L'arretratezza dei metodi di coltivazione del cotone - che necessita di accurate arature su terreni soffici, di buona filtrabilità e igroscopicità -  venne così all'epoca illustrata dal giornalista:

"Una volta messi a dimora i semi del cotone, bisogna procedere alla "compressione" del terreno. In Sicilia si fa ricorso ad una pratica plurisecolare, forse introdotta dagli arabi: si adopera un attrezzo ( a Gela lo chiamano "tavolone" ) lungo un paio di metri e sufficientemente largo, il quale viene trainato ordinatamente da muli. Passando e ripassando sul terreno seminato da poco, lo comprime facendo risalire per capillarità l'umidità sottostante. Queste modalità di semina debbono essere necessariamente eseguite, poiché la semina costituisce un'operazione delicatissima: infatti la stentata o mancata germinazione costituisce la maggiore alea che corrono i cotonicoltori ed è la principale causa del mancato estendimento della coltivazione del cotone. A questo punto, quando le piante saranno spuntate, si dovrà procedere al diradamento per sollecitare attorno alle piante la produzione del maggior numero di capsule per ettaro.
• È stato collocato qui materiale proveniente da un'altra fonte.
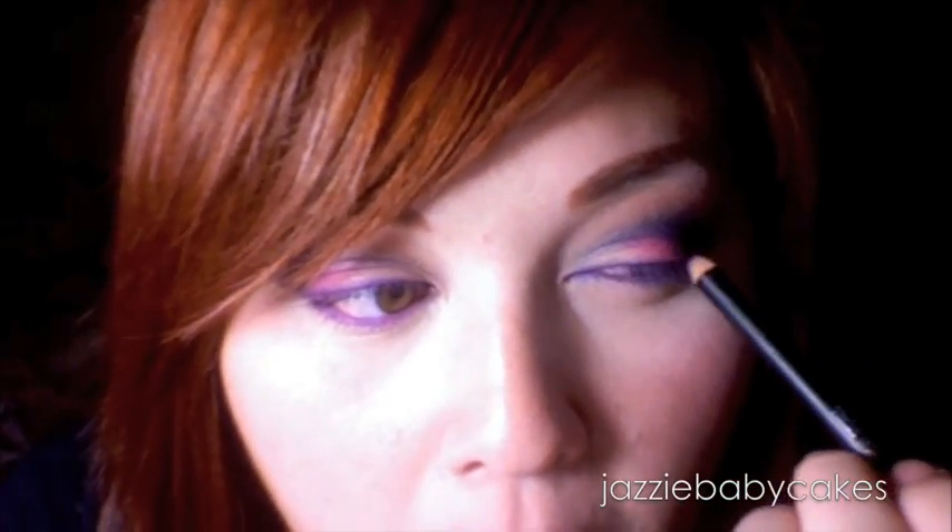Now for eyeliner, what I'm using is Ben Nye's Magic Color Cream Pencil — this is a purple one, it's MC8, like a violet. I'm just going to line my top lid and my waterline. Then I'm going to take a flat angled brush and use this purple from my 88 palette to set that eyeliner.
E il lavoro non è ancora terminato nella cotoniera, poiché si dovrà poi procedere alla così detta cimatura che serve, come la potatura della vite, a concentrare la linfa verso le branche produttive onde aumentare la grossezza ed il numero delle capsule. Tutti questi lavori, ripetiamo, fanno crescere ulteriormente il costo della coltivazione, perché qui in Sicilia si sconosce l'uso della meccanizzazione lungo l'arco dell'intero processo produttivo..."
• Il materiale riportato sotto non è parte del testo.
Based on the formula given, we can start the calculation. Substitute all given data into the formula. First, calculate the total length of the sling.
Da qualche anno, la Sicilia ha riavviato la produzione di cotone con criteri più moderni, grazie ad iniziative private che promettono di sfruttare le energie rinnovabili e di estendere le coltivazioni a 1.000 ettari: una seconda possibilità per sfruttare in futuro una delle risorse agricole siciliane in passato poco e male valorizzate.